“If I were to run, I’d run as a Republican. They’re the dumbest group of voters in the country. They believe anything on Fox News. I could lie and they’d still eat it up. I bet my numbers would be terrific.”
Going on YouTube to find the video now returns zero results. Searching Facebook where it was initially shared returns the same thing. Yet these searches harbor hundreds of comments from other people stating that they too have seen the video which has seemingly gone missing, as seen here: https://www.youtube.com/watch?v=AZtfSIgsH1o, and here: https://www.youtube.com/watch?v=-NtE8GISBhM , etc.
Which raises the following questions:
- Why aren't all of Trumps full interviews available anywhere? 3 minute clips of Oprah are cute, but not full factual interviews. (copyright arguments would be waived as the information now falls under fair use: http://fairuse.stanford.edu/overview/fair-use/four-factors/, however YouTube takes things down at anyones request as their system is so broken it spawned numerous protests that even got the CEOs attention (#WTFU, #MakeYouTubeGreatAgain, etc.))
- If YouTube's claim system is this easily exploitable and copyright was stopping Oprah, Howard Stern and the like from being uploaded, why are selective parts from those interviews that paint Trump in a positive light the only ones allowed to stay? Last time I checked, Fair Use for things like educational purposes didn't just cover the parts of them that make someone look good (see: Coke/Pepsi branding laws in movies.)

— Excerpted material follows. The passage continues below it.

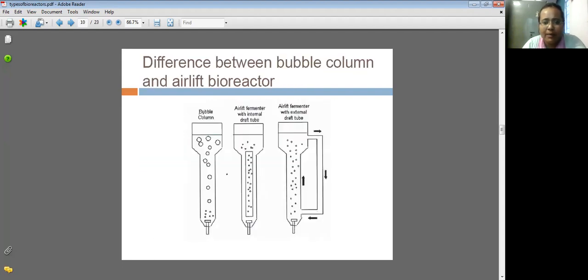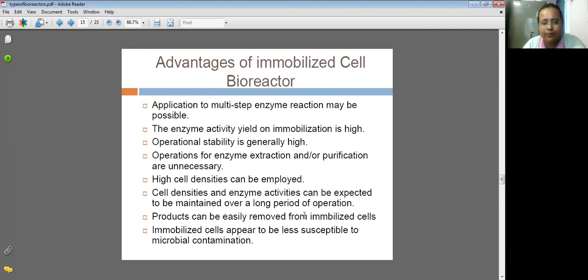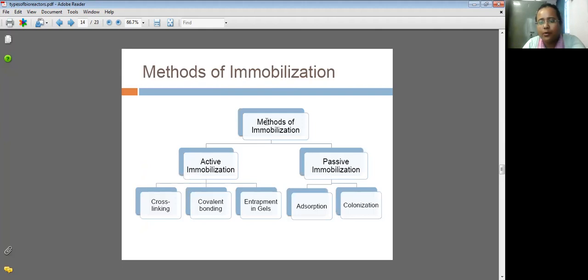Here is the bubble column, which is present in airlift bioreactors. This is the airlift fermenter with internal draft tubes, and this is the airlift fermenter with external draft tubes. The method of immobilization includes active and passive. Active involves cross-linking, covalent bonding, and entrapment in gels. Passive involves adsorption and colonization.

- Why is the quote in question suddenly being attributed to People Magazine when the words were spoken on video?
- Why, if the video does hopefully turn up, were Google's search results hiding everything as far back as 1993?
- Why again, if the quote supposedly came from People Magazine, is - "Trump republicans ...'are stupid'" - the number one most-searched autocomplete result on YouTube, the place people go to find videos?
- The idea that a video is being copyright flagged on both YouTube and Facebook the instant it's uploaded is not out of the realm of possibility. There's a reason finding SNL clips is so hard.
- The misattribution of the quote (to People Magazine, instead of the original videos source) is a tactic that has been around for decades used to fool people into thinking something didn't happen/wasn't true and - it's more important purpose - to stop people who actually do their research from researching the given subject further and deter them from finding out what truly happened.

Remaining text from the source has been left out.